Medical researcher rediscovers integration in 1994
I recently came across this amusing paper published in 1994.
Title: A mathematical model for the determination of total area under glucose tolerance and other metabolic curves.
Abstract: In Tai’s Model, the total area under a curve is computed by dividing the area under the curve between two designated values on the Xaxis (abscissas) into small segments (rectangles and triangles) whose areas can be accurately calculated from their respective geometrical formulas. The total sum of these individual areas thus represents the total area under the curve. Validity of the model is established by comparing total areas obtained from this model to these same areas obtained from graphic method (less than +/ 0.4%). Other formulas widely applied by researchers under or overestimated total area under a metabolic curve by a great margin.
There are so many things wrong with this picture, I don’t even know where to begin…

Of course, any firstyear calculus student will recognize this as simply the trapezoidal rule, which has been known for hundreds of years.

The author named the formula after herself, which makes the situation even more amusing.
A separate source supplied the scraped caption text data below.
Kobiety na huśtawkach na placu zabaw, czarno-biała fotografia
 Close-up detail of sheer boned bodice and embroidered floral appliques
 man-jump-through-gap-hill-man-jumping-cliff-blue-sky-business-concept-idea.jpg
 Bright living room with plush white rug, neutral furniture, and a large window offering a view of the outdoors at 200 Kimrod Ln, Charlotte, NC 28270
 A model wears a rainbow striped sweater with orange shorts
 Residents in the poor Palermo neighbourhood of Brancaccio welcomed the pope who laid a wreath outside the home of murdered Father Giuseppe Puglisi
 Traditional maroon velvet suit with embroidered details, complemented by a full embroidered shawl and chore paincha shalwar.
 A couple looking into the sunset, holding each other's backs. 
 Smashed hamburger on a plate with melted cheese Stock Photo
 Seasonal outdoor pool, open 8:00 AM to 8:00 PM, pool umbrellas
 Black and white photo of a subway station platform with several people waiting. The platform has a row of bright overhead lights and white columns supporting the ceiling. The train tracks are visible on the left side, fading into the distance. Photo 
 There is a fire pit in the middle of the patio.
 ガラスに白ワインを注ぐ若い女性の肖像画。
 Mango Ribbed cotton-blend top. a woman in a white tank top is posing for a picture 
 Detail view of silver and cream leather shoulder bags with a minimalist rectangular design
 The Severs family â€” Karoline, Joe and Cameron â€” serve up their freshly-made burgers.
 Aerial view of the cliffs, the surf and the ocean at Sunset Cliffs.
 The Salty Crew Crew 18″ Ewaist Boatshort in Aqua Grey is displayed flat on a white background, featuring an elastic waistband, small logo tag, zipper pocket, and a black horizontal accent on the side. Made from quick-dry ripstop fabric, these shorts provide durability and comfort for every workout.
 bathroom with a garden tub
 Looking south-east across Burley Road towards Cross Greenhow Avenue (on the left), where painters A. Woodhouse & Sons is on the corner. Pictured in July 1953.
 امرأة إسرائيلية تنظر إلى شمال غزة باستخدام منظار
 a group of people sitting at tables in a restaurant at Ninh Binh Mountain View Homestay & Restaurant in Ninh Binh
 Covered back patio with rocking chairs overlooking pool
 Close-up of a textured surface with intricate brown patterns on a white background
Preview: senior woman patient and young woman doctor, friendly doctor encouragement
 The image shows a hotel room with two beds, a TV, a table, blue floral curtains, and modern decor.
What do metabolic curves have to do with anything??? Surely the author recognized that “Tai’s Model” can used to approximate any integral. It’s strange to develop a general mathematical formula only to apply it to one very niche problem and publish it in a nutrition journal.

It has 287 citations according to Google Scholar. Has nobody taken a calculus course?!

“The validation of the formula by means of comparison with a ‘true value’ is useless and contains several fallacies. First, because of the geometrical interpretation of the trapezoidal rule, it is clear that the expression tends towards the true area under the curve (AUC) if the number of considered curve points increases. Hence, the adequacy of the trapezoidal rule is dependent on the number of curve points and cannot be investigated by a few examples. Second, the AUC value measured graphically by counting the numbers of small units under the curve is not the true AUC value. Thus, for comparison, not the true but another approximation was used.”
Ralf Bender, PhD. 
“Tai stated that her ‘standard (true value)… is obtained by plotting the curve on graph paper and counting number of small units under the curve’ (p. 153). By definition, the sum of the areas of the small units, which she erroneously refers to as the ‘true value’, should be exactly the area found by the trapezoidal rule. The formula should have been 100% accurate because she defined truth to be exactly the sum of the area of the graph paper trapezoids.”
Jane H. Monaco, MS, and Randy L. Anderson, PhD.
In light of this, I’m proposing Yu’s Model  an extension of Tai’s model that works for multivariate functions. It works by summing the volumes of hyperrectangles under the curve.